Tomorrow, at least 14 states (and territories) will be casting their delegates for the Presidential candidates. The table below has been gathered from FiveThirtyEight.com looking at Republican and Democrat polls. Additionally, I looked at RealClearPolitics various individual state polling data. While I am naturally skeptical myself at polls, I think a lot of people, and candidates as well, look at polls as something useful. While I disagree, I decided to engage in the fun of speculation, and so looking at the totality of the polling data, here’s what we wind up with.
You’ll notice that several have asterisks next to them, for instance, American Samoa. American Samoa doesn’t vote in the Republican primary yet, but offers 6 delegates and 4 super-delegates tomorrow. Alaska, Minnesota, and Vermont all have asterisks because the polling data is either inaccurate in my mind, is rather old (before January), or the polling is very small, like with the Vermont polling.

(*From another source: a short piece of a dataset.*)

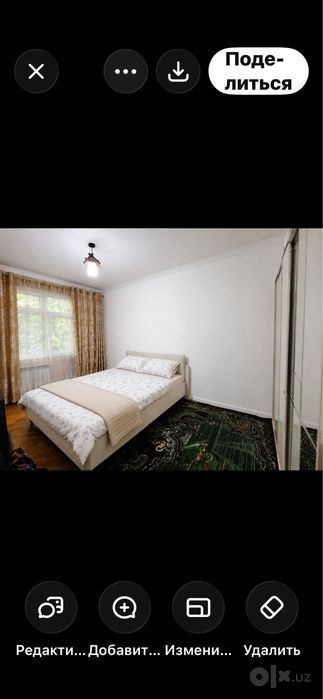 3-xonali kvartira, 70 m²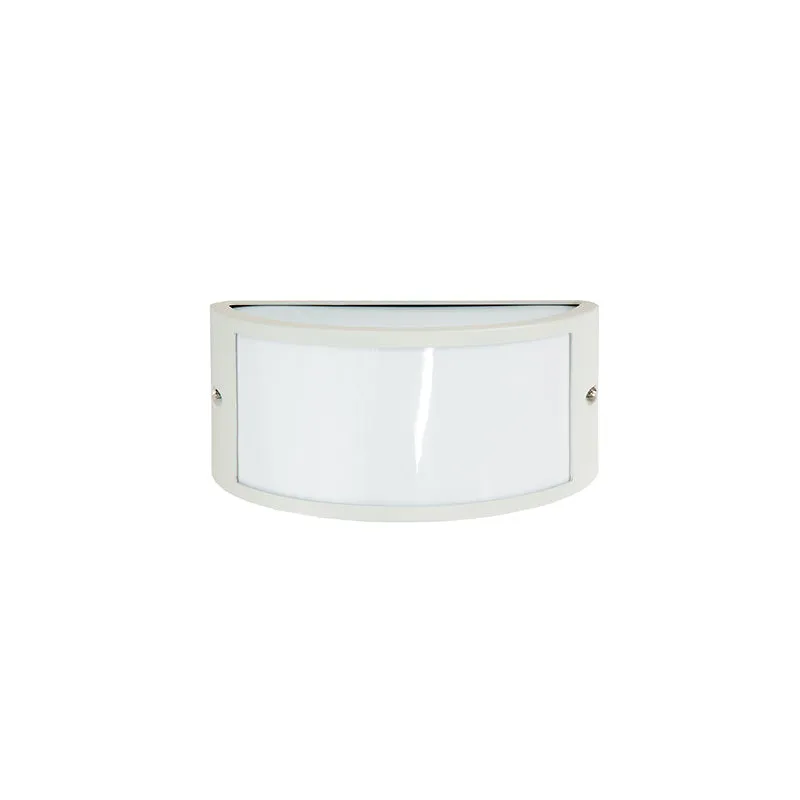 Enio Applique Moderno 60w Bianco 08593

On Colorado and North Dakota, as well as Wyoming, things have happened locally in those districts to make them complicated. North Dakota and Wyoming will not end their primary voting by tomorrow. Meanwhile, Colorado has had this fun story, where GOP leaders in the local area sandbagged a polling screen because as the Denver Post stated:
Instead, the contest for the state’s Republican endorsement is taking place behind the scenes, where volunteers for the candidates are touting neighborhood-level endorsements and emphasizing one-on-one courtship to win commitments from potential delegates.
The state GOP executive committee abolished the presidential straw poll after the national Republican Party required a binding vote. Colorado party leaders wanted to remain uncommitted to a candidate, particularly because they worried that person may not remain in the race by the July convention in Cleveland.
The state moved from the primary system to party caucuses in 2002, but the straw poll vote offered little more than a hit of adrenaline to the winning campaign because it did not necessarily allocate delegates to the top candidate.
“Rather than having to spend a whole lot of dollars advertising, like you would in some other state, your ground game will determine whether you can get delegates in Colorado,” House said.
The presidential campaigns are taking note and leveraging their volunteer leaders in the state to win delegates at the caucuses.
Rubio and Cruz are the most organized in Colorado, although Trump is relying on his national popularity to give him a boost. Kasich and Carson also have dedicated supporters in the state, but both are struggling to rise to the top.
So with the way tomorrow is shaping up, expectations should be low about a revolt against Trump. However, given recent efforts by Cruz and Rubio to take it Trump, perhaps we might see one or two states go to both gentlemen tomorrow. Here’s hoping that something beyond what we should expect (meaning Trump total victory) occurs. Though, the various agents who operate polls (Karl Rove, Nate Silver, etc.) are all pessimistic about a Trump loss in any size.
I expect that some of the data in these polls are skewed by the way the questions and polling were carried out. I would worry that the Trump margin (the area where people feel guilty about voting for Trump, and therefore lie about not voting for him before and after their ballots are cast) will be at least 4%. I think most Trump supporters are hardened, meaning adamantly loyal and unashamed, and would put this about 25% now.
I noticed that last week, candidates Rubio and Cruz took my strategy of ending their friendly fire at one another and “sort of” divided the country to fit their best abilities of pitches and politics. Will it work, and am I the next Republican Evil Genius? I am not optimistic of the chances, but if the miracle begins tomorrow, don’t mind me. I WILL BE GLOATING. I don’t expect the best of people, but I always leave a margin where humanity and my fellow Americans can prove me wrong.